One feature of a healthy economy is actually a reasonable rate of unemployment. Some jobs stop being viable and new ones emerge, and there will always be people who are in training or simply moving from one job to another. "Exclusion is qualitatively different from unemployment," says Gershuny. "Exclusion means an extended period out of employment without a reliable hope of acquiring a job, or extended periods in which you get bad jobs and are repeatedly made unemployed," he says. "You might even include people at the margins who have secure, but very low-paid jobs, that don't actually allow them to participate in normal life."

Gershuny recently analysed new figures collected from the Europanel, which surveys 120,000 people across Europe each year, including 10,000 in the UK, to construct a long-term picture of their job patterns. He found a clear relationship between unemployment and labour market exclusion which is consistent across Europe, with the number of people excluded running at about twice the rate of unemployment.

In some countries, those who are consistently marginal to the labour market are much worse off than the currently unemployed who've been relatively securely employed in the past. "In Denmark and Belgium, for example, there's very little difference between the two groups, whereas in Britain and Ireland, there's very big differences which relate to differences in benefits and length of entitlement to unemployment pay."

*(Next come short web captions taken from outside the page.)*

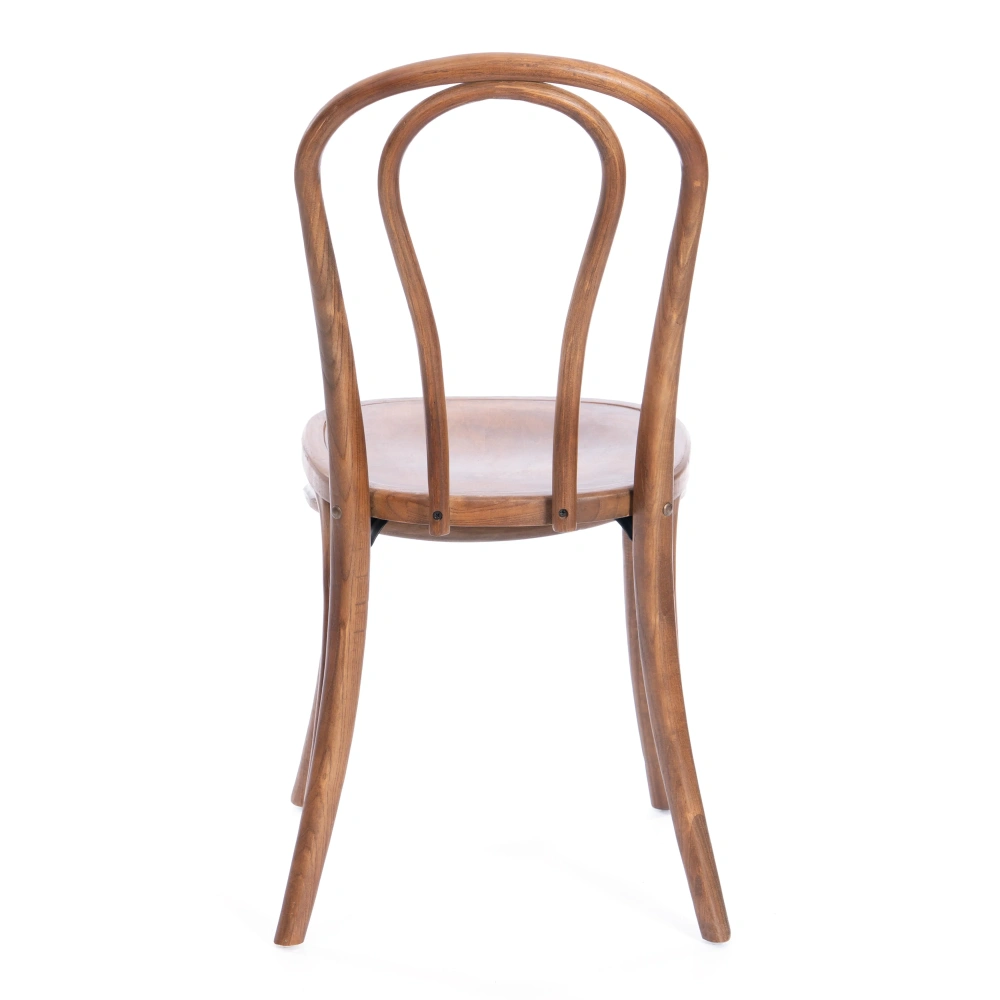 Стул THONET CLASSIC CHAIR (mod.СB2345) - Стулья для кухни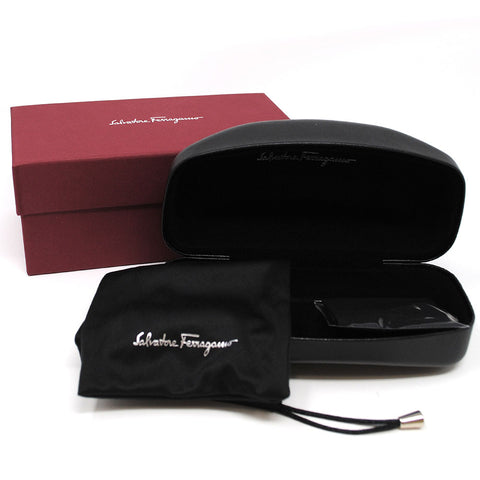 国内正規品 Salvatore Ferragamo SUNGLASSES ASIAN FIT SF799SA
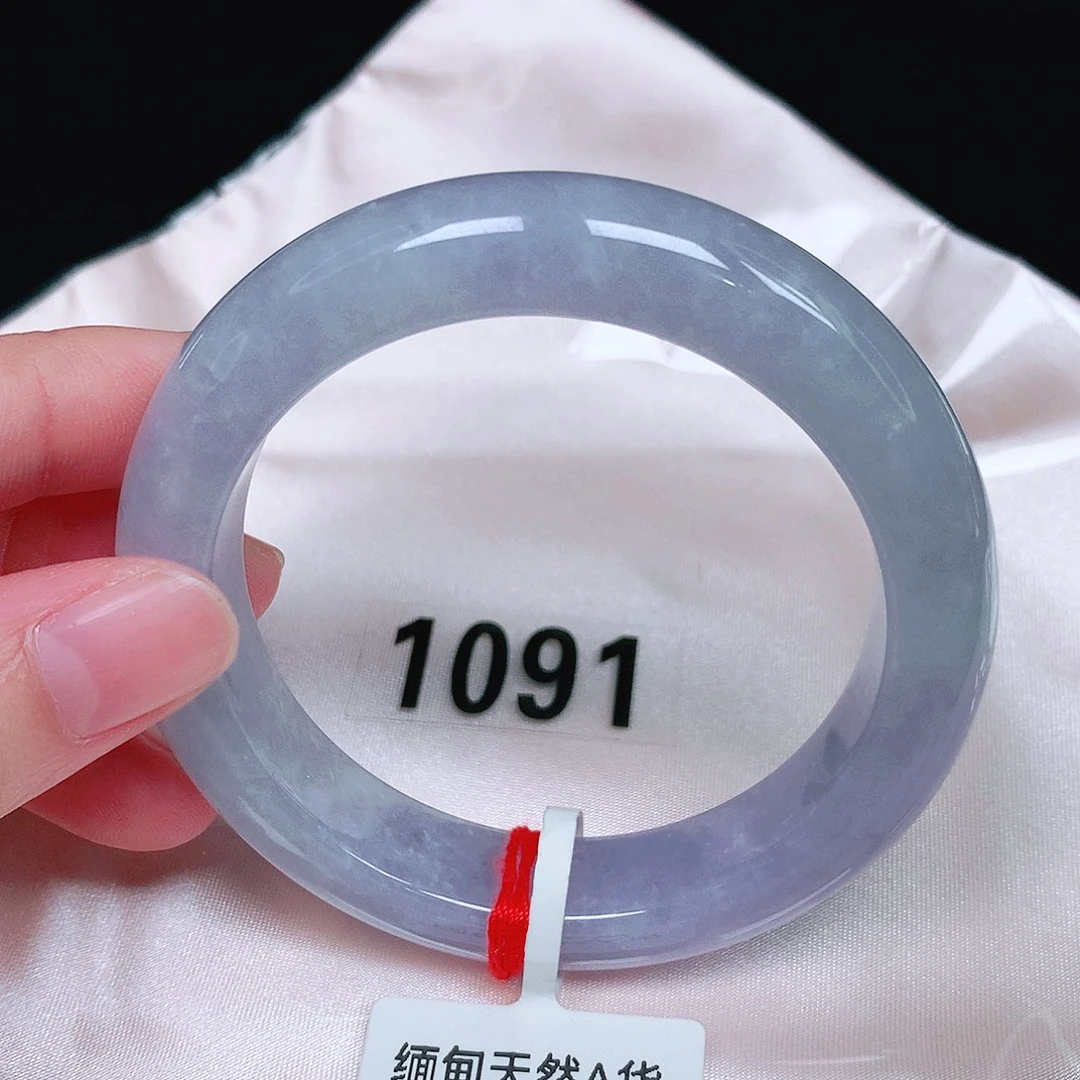翡翠未镶嵌手镯翡翠手镯未镶嵌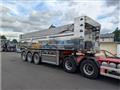 2016 Hino Hino Others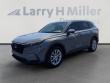 Used 2026 Honda CR-V EX SUV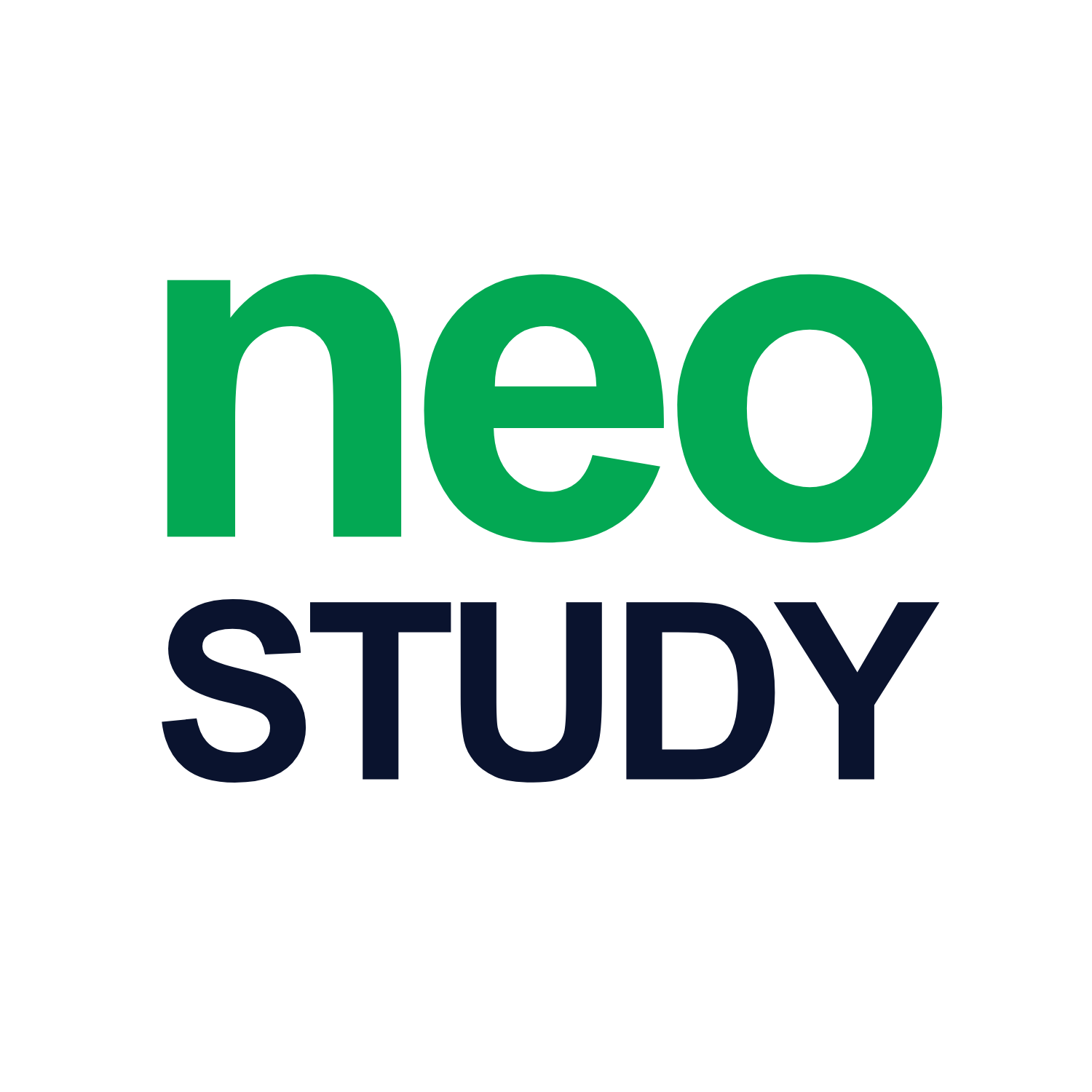  Neo Study 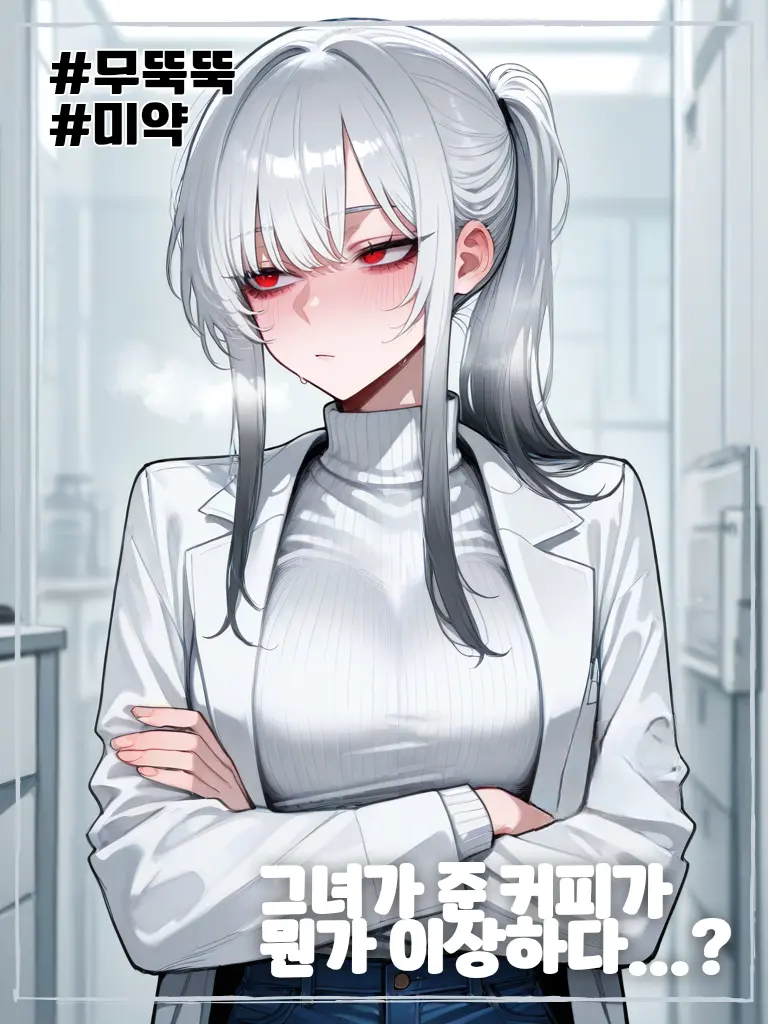 rnjsWkd의 강혜설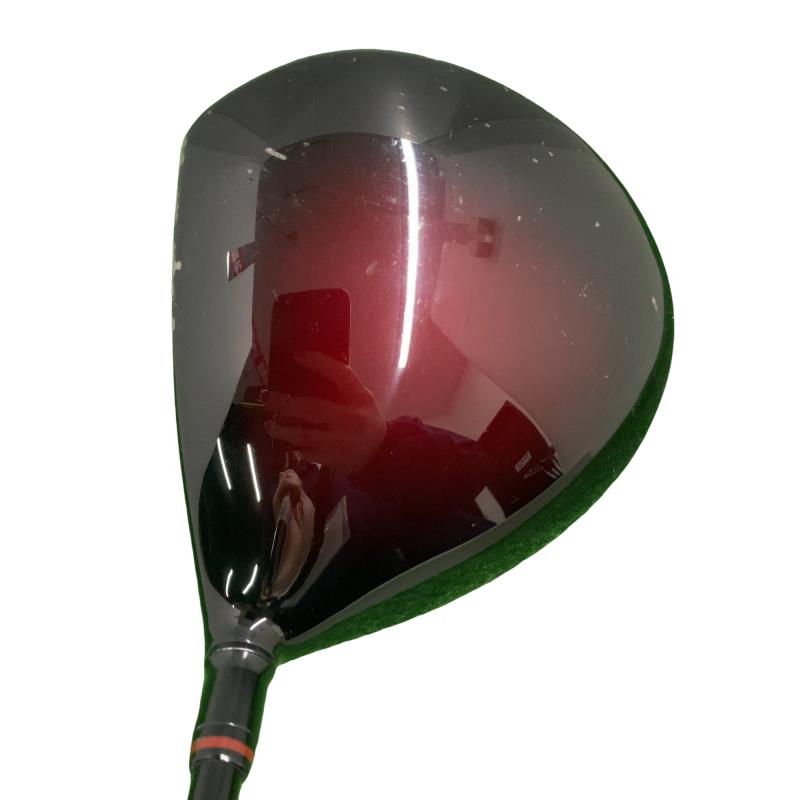 �n�m�n�e�e�i�Q�O�P�R�j�@�s�x�o�d�|�c�@�P�O°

Essentially we punish our unemployed for being unemployed, he believes. "We have a benefit regime that treats those marginally unemployed much worse than those unemployed who previously had secure jobs, so that the worse off get treated utterly worst. Their incomes are much lower and they have to go without things like a hot meal every day. In terms of real material deprivation, the socially excluded in Britain are markedly worse off than those unemployed who are likely to reenter the labour market and get secure jobs."

Nor does he think this harsh treatment acts as an incentive to make them try harder to find jobs. "I understand why economists think you need to treat people this way to get them off benefits, but the evidence that it works is lacking. It only has some logic if you ignore all the stigmatising characteristics of unemployment, such as the accompanying loss of confidence." And even if there were a marginal incentive effect, he argues, as long as there is a strong involuntary aspect to unemployment, there's a moral question: "To what extent are we entitled to increase the suffering of those who are already suffering in order to make a marginal difference to the performance of the economy as a whole?" Welfare to work is the solution, he believes, using carrots rather than sticks. "I can see no evidence to suggest that people don't want to work, and even if the carrot fails, you have to go a very long way towards blaming the beast before the stick becomes morally acceptable. During the years of Tory misrule we went far, far too far down that road."

He points to research showing that children brought up in extended periods of poverty do badly, have low expectations and greater rates of ill health. "The consequences (of social exclusion) extend from the narrowest of material concerns, like what happens to our children, to the broadest moral concerns of what happens to us and the way we view our fellow man. If we accept bums in gutters we become a hard and uncaring people. Under the last government we hit moral rock bottom - the question is do we step back now from that moral abyss?"